Disparités européennes
Société présente dans 18 pays européens, ERA Immobilier a publié fin novembre 2022 les résultats d’une enquête auprès de ses réseaux franchisés sur le Vieux Continent. Dans certains pays d’Europe du Sud – Albanie, Turquie, Malte, Bulgarie – les tendances observées ces dernières années restent d’actualité : des marchés tendus, avec des prix en hausse, où la construction de nouveaux logements peine à répondre à la demande. En revanche dans la zone Euro, les marchés basculent en faveur des acheteurs, après avoir été des marchés vendeurs pendant plusieurs années. Comme conséquence, après une longue période de hausse ininterrompue des prix de l’immobilier, les agents et les experts voient apparaître un « tassement des courbes », voire un changement de pente.

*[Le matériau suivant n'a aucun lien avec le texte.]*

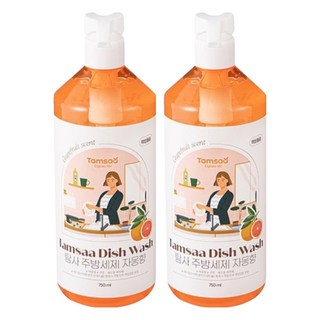 Tamsaa 蔬果碗盤清潔液 葡萄柚香, 750ml, 2瓶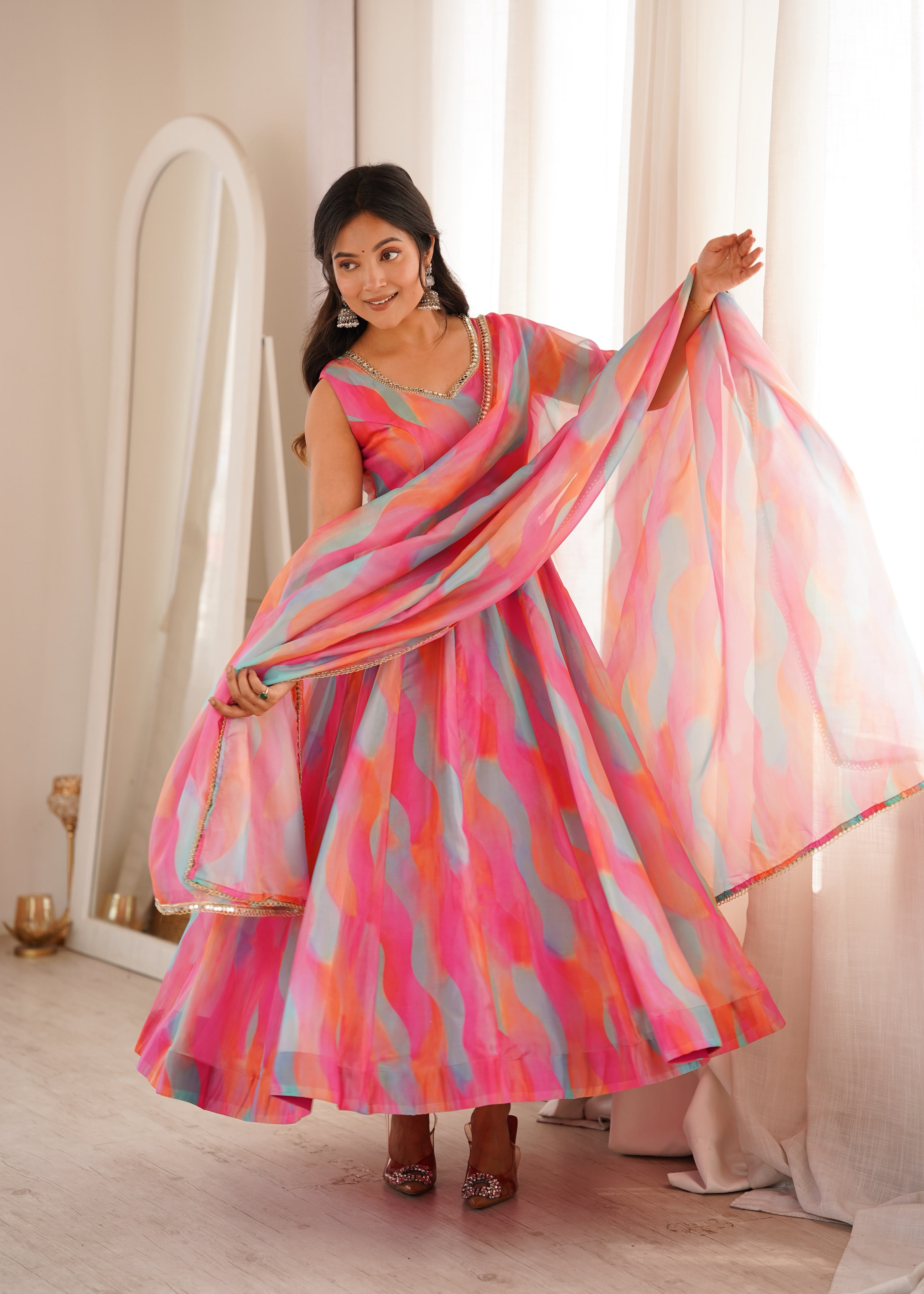 Designer Pink Multicolor Organza Gown Set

Le virage a déjà été pris au Royaume-Uni (où une baisse supplémentaire de neuf pour cent est attendue en 2023), en Suède, avec une baisse de douze pour cent en un an, qui pourrait atteindre vingt pour cent, ainsi qu’en Autriche et en Allemagne. Certains pays comme la Belgique restent stables, mais rassemblent les conditions pour un resserrement du marché, avec plus de biens en vente, et des acheteurs remis en position de force. Une baisse, ou au moins un ralentissement de la hausse, sont espérés en 2023 dans le reste de l’Europe où la surchauffe a rendu l’immobilier largement inaccessible dans les grandes villes, comme au Portugal, en Espagne, en République tchèque et aux Pays-Bas.
La France fait un peu bande à part, car le prix des logements anciens a continué d’y augmenter : + 4,5 pour cent en 2022. Sur les 18 plus grandes villes du pays, la moitié ont même enregistré une hausse supérieure à 5 pour cent du prix moyen des appartements. Cependant il s’agit toujours de chiffres inférieurs à la hausse générale des prix. Reste à savoir ce que sera l’année 2023, car le nombre de transactions, quoiqu’historiquement élevé, est orienté à la baisse. Mais pour Sandrine Levasseur, économiste à l’Observatoire français des conjonctures économiques (OFCE), si la hausse actuelle des prix va ralentir dans les mois à venir, une baisse est peu probable.
Selon ERA Immobilier, il faut surtout se préparer en Europe « à des transactions plus longues et des négociations plus équilibrées entre vendeurs et acheteurs ».